You’re likely wincing at this point—and I understand. I know there are things that I enjoy because I was raised on them, or they carry sentimental value. Certainly, scrapple is both, and it is categorically good. However, it’s more than just “good.” It became a mainstay in our family over the years as something that brought us together. It was a tradition. It was, for many English families living amid the Amish, a necessity. Pappy was a butcher and, thus, not a wealthy man. However, while being a butcher or a slaughterman, he could bring home bits and pieces discarded by an under-experienced customer that you can turn into something good, something healthy, something filling–food that really stuck to your ribs. 


He would never admit to this, but what he was doing was profound. Whether making scrapple, grinding sausage, smoking hams and bellies, it was truly profound. He passed these lessons in domestic frugality down to his three daughters and their children. It was likely given to him by his father, and I have begun to give it to my children. Lord willing, in a couple of centuries, my Pappy will have a few million descendants consuming the leftover bits of pork processing. 


Why Food?


I often ask, “Why, Lord? Why food?” So much of our lives are oriented around this. He could have made us photosynthesize. He could drop mana on the ground three times every day; he could drop mana into our stomachs! The Lord chose for us that one of the most fundamental components of humanity would be its need for food, and through our sin, it would be a struggle. The ground would work against us, the fear of man would be in our animals, and hunger pains or starvation would affect billions of his image-bearers. Why Lord? Why food? My point is that the prerogative of God’s creative omnipotence is to do as He pleases. He could have chosen to sustain us with little, but He didn’t do that. Instead, God blessed mankind with a wide variety of foods. The abundance, the multitudes of shapes and sizes, the flavors, the beauty—it is all, without a doubt, a manifestation of God’s greatness. But it is more than that. It is clear and compelling evidence of His love. He could have given little, but He gave us much.


Thus it is that God created food for our subsistence, and for our enjoyment, out of love, but there is yet another reason for food. We find it in 1 Timothy 4:3; it says to those that would apostatize and require abstinence from certain foods, these are “...food[s] that God created to be received with thanksgiving by those who believe and know the truth.”


God created food so that it would be received with thanksgiving by those who believe and know the truth.

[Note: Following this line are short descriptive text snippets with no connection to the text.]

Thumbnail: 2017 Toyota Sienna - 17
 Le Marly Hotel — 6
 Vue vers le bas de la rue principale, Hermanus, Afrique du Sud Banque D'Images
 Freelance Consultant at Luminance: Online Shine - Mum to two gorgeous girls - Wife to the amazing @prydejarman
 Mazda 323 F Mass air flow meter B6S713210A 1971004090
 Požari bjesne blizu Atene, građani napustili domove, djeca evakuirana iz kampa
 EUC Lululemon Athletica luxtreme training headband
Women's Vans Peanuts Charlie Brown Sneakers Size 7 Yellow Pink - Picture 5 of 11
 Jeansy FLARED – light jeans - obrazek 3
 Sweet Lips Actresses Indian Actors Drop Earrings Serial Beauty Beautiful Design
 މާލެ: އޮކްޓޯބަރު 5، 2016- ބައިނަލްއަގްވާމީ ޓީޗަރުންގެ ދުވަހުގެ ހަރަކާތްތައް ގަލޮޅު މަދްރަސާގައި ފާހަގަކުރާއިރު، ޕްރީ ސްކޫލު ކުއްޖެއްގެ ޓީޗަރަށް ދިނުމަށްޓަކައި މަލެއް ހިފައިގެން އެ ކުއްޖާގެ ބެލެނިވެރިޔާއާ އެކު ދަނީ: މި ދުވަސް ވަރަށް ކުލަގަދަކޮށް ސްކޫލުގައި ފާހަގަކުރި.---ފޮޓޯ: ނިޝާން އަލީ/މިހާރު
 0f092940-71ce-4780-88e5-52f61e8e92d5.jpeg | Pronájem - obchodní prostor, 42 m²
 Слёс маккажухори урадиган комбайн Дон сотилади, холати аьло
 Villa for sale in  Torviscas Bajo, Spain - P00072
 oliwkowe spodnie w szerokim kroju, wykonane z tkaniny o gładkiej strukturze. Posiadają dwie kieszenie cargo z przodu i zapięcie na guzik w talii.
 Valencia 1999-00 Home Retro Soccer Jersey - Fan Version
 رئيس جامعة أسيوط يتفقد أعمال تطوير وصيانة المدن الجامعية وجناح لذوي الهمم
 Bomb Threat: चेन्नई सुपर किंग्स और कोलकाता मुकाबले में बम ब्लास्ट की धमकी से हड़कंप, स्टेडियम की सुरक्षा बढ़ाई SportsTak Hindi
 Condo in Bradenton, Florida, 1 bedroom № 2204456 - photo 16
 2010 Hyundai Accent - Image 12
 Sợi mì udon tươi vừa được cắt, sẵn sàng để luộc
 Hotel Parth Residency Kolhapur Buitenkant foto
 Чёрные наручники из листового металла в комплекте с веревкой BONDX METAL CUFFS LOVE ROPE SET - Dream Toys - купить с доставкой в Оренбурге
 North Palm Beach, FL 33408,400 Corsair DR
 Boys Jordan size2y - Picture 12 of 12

This is no small matter.


God created food, our need for food, and our continual need for food so that we would be continually honoring and glorifying Him by acknowledging His goodness, His greatness, and His blessings in our lives.


So, we are interested in food. In its security, in its production, in the joy and thankfulness that comes with it. We’re interested in who we can share it with or pass it on to. I certainly care about food. My Pappy also cares about food. God cares about food. 


So whatever it is that you eat, whatever it is that you make, do it with thanksgiving. Do it in a way that is honoring to God and shows our thankfulness. Whether you are harvesting a fall deer, maintaining a perpetual sourdough starter, roasting hatch chilis, grinding sausage, or making scrapple--do it for Jesus and His Kingdom.